== WORK REQUEST ==
Your task is to output the listing word for word, with pictures excluded.

== SUPPLIED DATA ==
========================

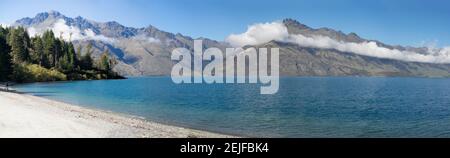 Vista della Baia di Wilson, il Lago Wakatipu visto da Glenorchy-Queenstown Road, la Regione di Otago, l'Isola del Sud, la Nuova Zelanda Foto Stock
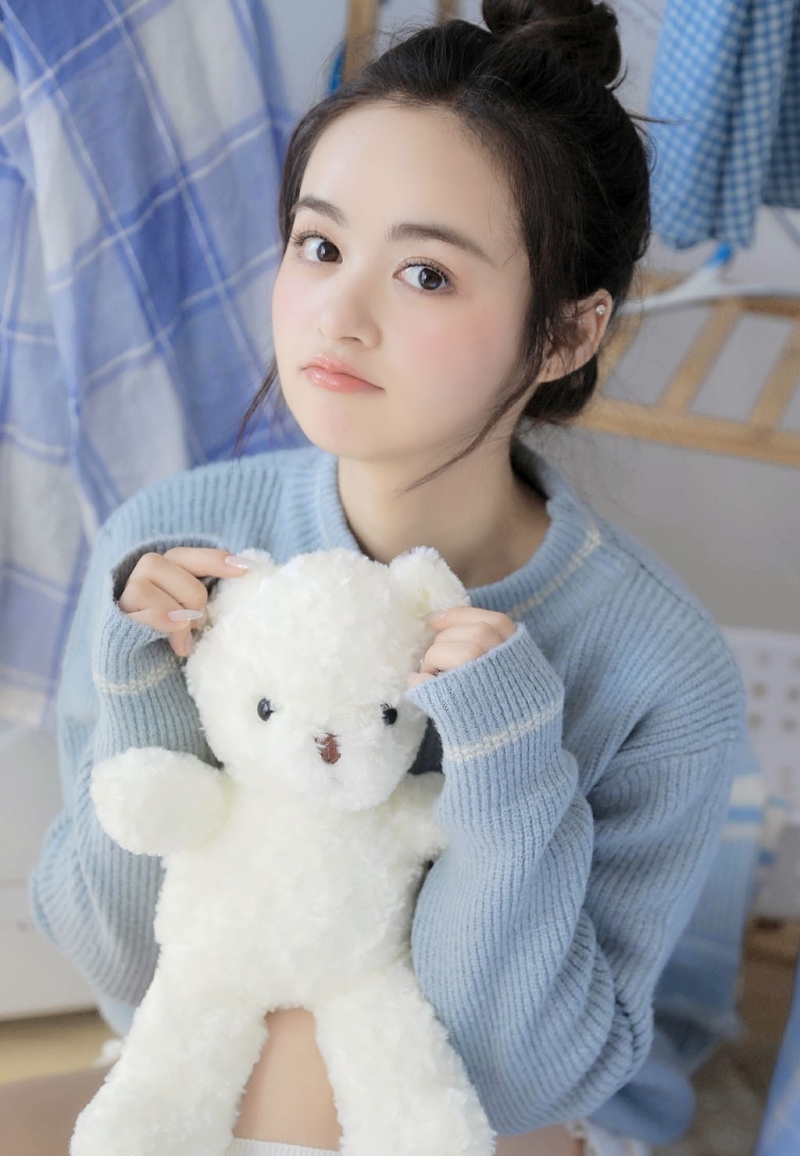 超短裤小姐姐白丝美腿居家写真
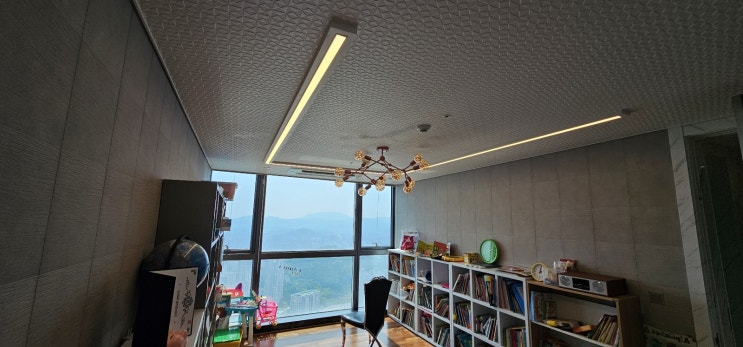  경량 철골에 라인조명 매입틀을 만들어서 시공한 사례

========================

== SOLUTION ==
 Vista della Baia di Wilson, il Lago Wakatipu visto da Glenorchy-Queenstown Road, la Regione di Otago, l'Isola del Sud, la Nuova Zelanda Foto Stock
 超短裤小姐姐白丝美腿居家写真
  경량 철골에 라인조명 매입틀을 만들어서 시공한 사례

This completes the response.